With great power comes great responsibility – an age-old proverb that we can inadvertently apply to Infrastructure-as-Code (IaC). Under a DevOps model, it’s important for organisations to promote effective CD/CI pipelines and not hamper its agility as best they can. However, with the frequency with which code is deployed, there’s every possibility that security is viewed by DevOps teams as an afterthought at best, and a burden at worst. On one hand, IaC is revered by sysadmins and developers worldwide for its ease of use and time to deploy, however on the other, the security risks that come with managing large codebases and the idea that even small code changes can be detrimental mean that the implications can be profound.
Though we as a team were able to stand up complete infrastructure environment using automated configuration management tools, there was trepidation every time we went through a code collation process. Firstly, we didn’t know if the code would work as intended and secondly, there were many unknowns around the undesired effects on the infrastructure as a result of continually committing code. CD/CI has long been ingrained in the application development space for years, however using development test methods in an infrastructure environment should not be met with a cookie cutter approach. This article explores some of the procedures we employed as well as rounding up various best practices from other organisations well mature in their DevOps journeys.
Testing to automate
It’s not this article’s intention to examine the advantages of a CD/CI pipeline, there are several of those out there. Instead, we will look closely through the lens of automated testing, a core element of CD/CI, and contemplate how to handle infrastructure code in ways that might otherwise differ from application code. We typically talk about automated testing falling into two categories: ‘unit’ and ‘integration’.
Unit Testing: Here we’re testing isolated parts of the code individually, without interacting with other components. Unit testing in some cases proved to be a challenge as infrastructure generally needs to be tested as a whole. Unit testing can certainly provide value in syntax validation, but in the absence of complex logic in an Ansible YAML file for example, this testing is relatively primitive.
Integration Testing: In some respects, we can view infrastructure code as essentially being entirely ‘integration’ – once executed you’re changing the state of some infrastructure. A key point I want to emphasise is that every time you merge your code you do not want to be interacting with live infrastructure as continual changes engender a high risk of corrupting the environment.
Certainly, the emergence of IaC has not only drastically sped up the time to deploy but also places more accountability on DevOps teams to protect their infrastructure, away from the traditional jurisdiction of designated security teams. What’s more, if organisations are mature enough in their DevOps practices, security teams will often be reviewing environment changes retrospectively – that speak volumes to the rate of change in the industry today. Now with a high frequency of code merges and consequently, executing several times a day, there is not only a higher probability of corrupting an environment i.e. exhausting API calls from a server to an external service that runs on start-up or unintended consequences of continually rebooting a BMC node, but even a simple configuration change can be susceptible to exposing sensitive data.

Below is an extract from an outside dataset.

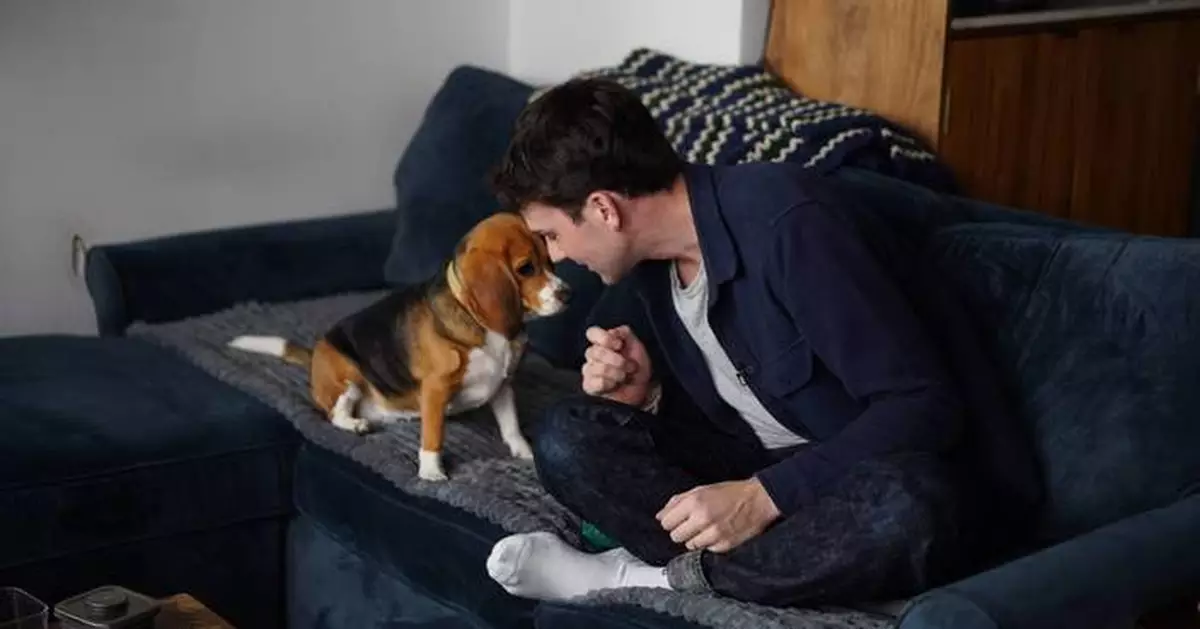 Gene-edited beagles may offer a future option for people with dog allergies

IaC testing tools such as Inspec and Terratest certainly provide useful functionality for unit testing, if for example a resolv.conf declaration in my Ansible playbook should include a DNS entry of a set CIDR range or apache must be running as a precursor to a subsequent playbook. These tests can be actioned in seconds and are closest to the developer so short feedback cycles are key advantages here. Additionally, these tools extend to ‘platform readiness’ tests too, where we may need to validate if particular URLs and ports are up and working for the environment to operate. Unfortunately however, these types of tests are usually measured not in seconds, but in minutes, especially if we’re talking about sizeable Terraform or Cloud Formation templates, not to mention the multitude of external moving parts. So too, if we do in fact choose to accept the risk and perform configuration updates to live systems, we would have to have conditions to roll back, in the instance a service or port doesn’t come up within a certain timeframe; for example. There are too many variables in a live production to bake in ‘hard’ conditions in our testing – a database may have twice the load it did yesterday and require a few more seconds to come up today.

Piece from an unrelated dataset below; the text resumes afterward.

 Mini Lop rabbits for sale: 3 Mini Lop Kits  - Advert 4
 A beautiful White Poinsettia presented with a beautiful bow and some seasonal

Certainly, in a DevOps operating model with developers having an augmented role in administering infrastructure, there is a danger with a group that (arguably) has an instinctual preference to emphasise functionality over security. It becomes very easy then to postulate security as an afterthought when entire environments are defined in JSON or YAML files and deployed at the push of a button. It’s therefore not enough to include security as a checkpoint in the process model, but embed secure practices in the CD/CI pipeline.

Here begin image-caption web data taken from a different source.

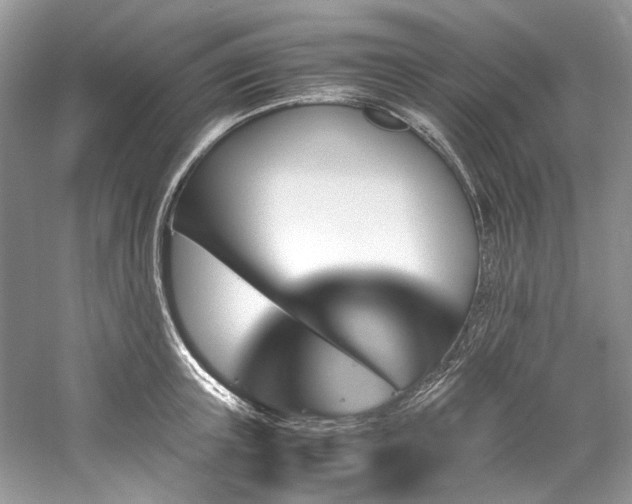 X0000061110851200511181128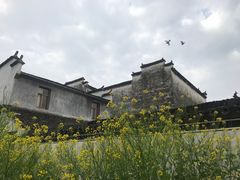 -黟县屏山村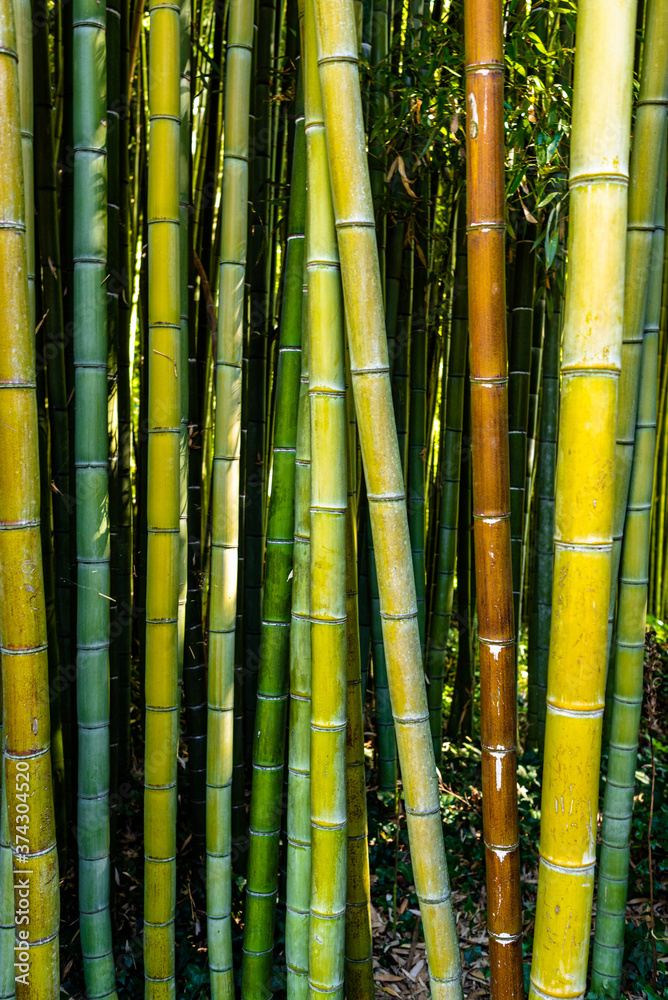 Fototapeta premium Bamboo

Versioning and blue/green deployment should really be at the heart of a CD/CI platform for our case. A single stack definition should be re-used to create and update each environment (staging, development, production) – think of it as a ‘golden’ stack for infrastructure. Once new code is committed the following process should be triggered:
- The CD/CI server detects the change and puts a copy of the new definition file (untested) in the shared repo
- The CD/CI server applies the definition version to the first environment
- Automated tests are run to ensure all services (critical and non-critical) are still operational (i.e. can still connect to the AD server, required third-party packages can still be installed etc.)
- If the above fails, the CD/CI ceases testing and rolls back to the golden version1 definition stack. If successful, the CD/CI server elevates the new definition version to the next environment up the approval chain (model or production)
- A new ‘golden’ stack is rubber stamped as taken as the new baseline. Its patching, OS level etc. is able to be solely identified by the image ID of that server.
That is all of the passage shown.